IN THE HIGH COURT OF SOLOMON ISLANDS


Civil Case No. 54 of 2010


BETWEEN:


YAM AND COMPANY
Claimant


AND:


CHINA LIMITED (SI) CORPORATION LTD
Defendant


Date of Hearing: 21 May 2010
Date of Decision: 10 June 2010


Mr. Radclyffe for claimant
Ms. Tongarutu for defendant


DECISION ON APPLICATIONS TO SET ASIDE
DEFAULT JUDGMENT AND ENFORCEMENT ORDER


Cameron PJ:


1 On 6 June 2008 the Registrar of the High Court entered default judgment in favour of the claimant and against the defendant for the sum of $61,600 plus interest and costs. The ground of default was the failure of the defendant to file any defence to the claim. The defendant now applies to have that judgment set aside, as well as the enforcement order which resulted from it.


2 It is clear that the parties were in a landlord/tenant relationship in respect of a residential property on Lengakiki Ridge, Honiara. The claimant sued the defendant for losses said to have arisen pursuant to a written tenancy agreement dated 17 August 2007, under which the claimant leased a home to the defendant for the 6 month period 1 September 2007 to 29 February 2008. The claimant alleged that the defendant, in breach of the agreement, prematurely vacated the property on about 31 October 2007 and refused to pay any rent for the period 1 October 2007 to 29 February 2008.

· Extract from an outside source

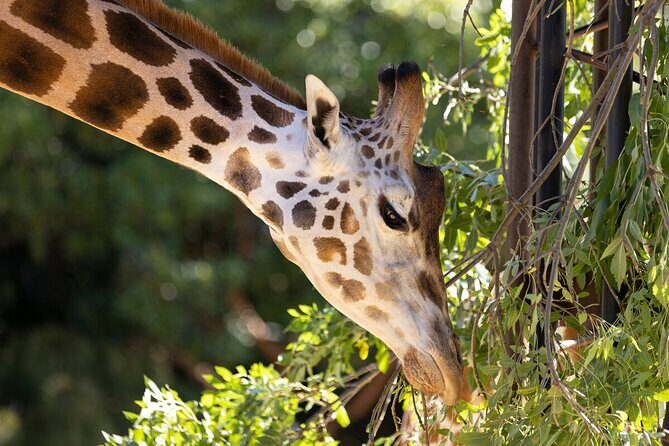 Giraffe Experience at Melbourne Zoo - excl. entry - Setting the Stage: What to Expect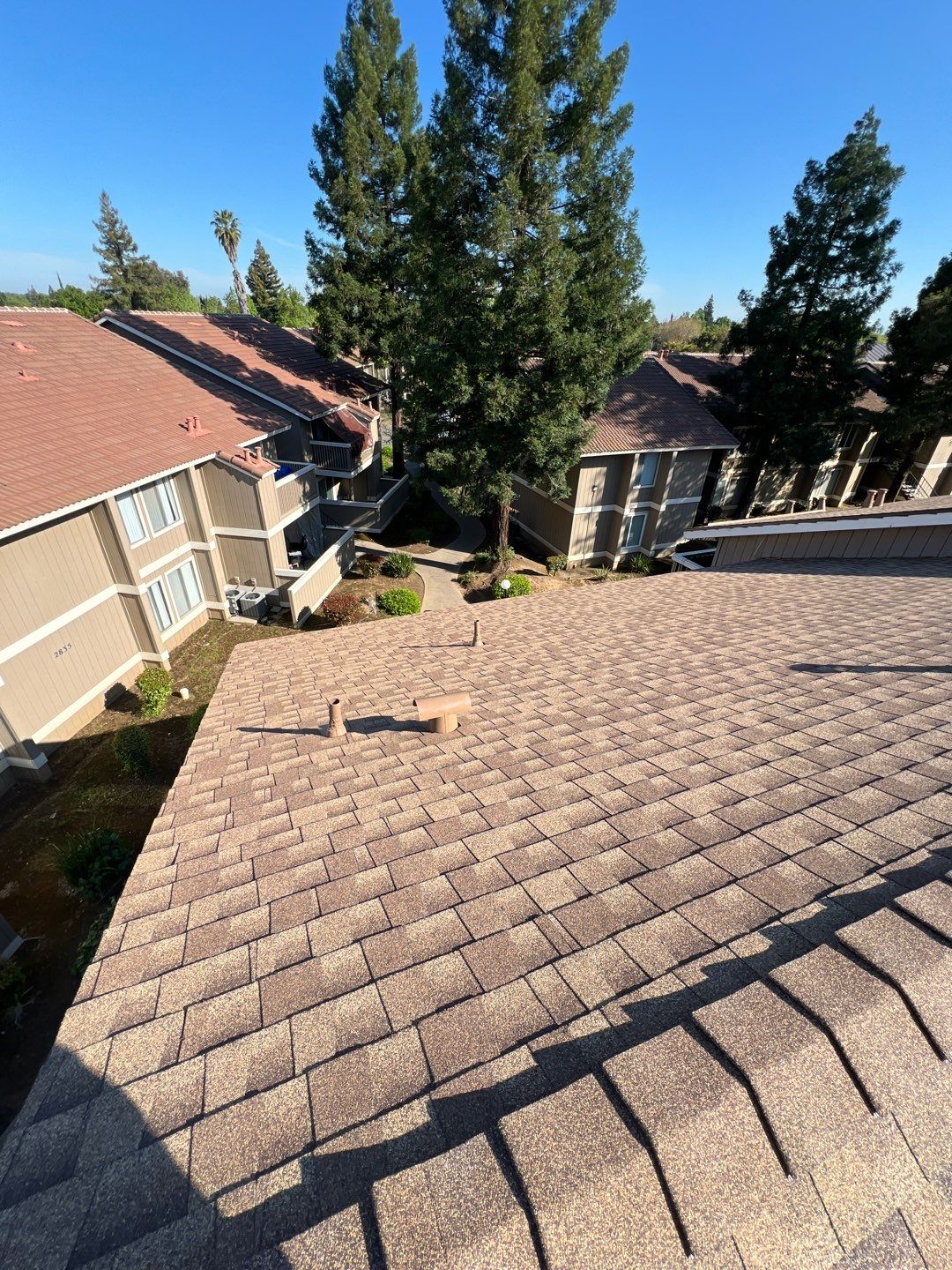 Removed tile from roof and replaced with shingles by Straight Edge Roofing Inc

3 The claim for which judgment was entered was for costs of repair to and cleaning of the property, cost of replacement of missing items, cost of security guards following the vacation of the property and prior to its reletting, costs of unpaid electricity and water charges, and unpaid rent for the period October 2007 to 29 February 2008 (less new rental received from 19 January 2008 to 29 February 2008).


4 The defendants applied to set aside the defendant judgment on 12 July 2008, about one month following its entry. For some reason that application was not served and not allocated a date for hearing, by which stage the claimant had taken various steps in an attempt to enforce the judgment. On 12 April 2010 a new application to set aside the default judgment was filed.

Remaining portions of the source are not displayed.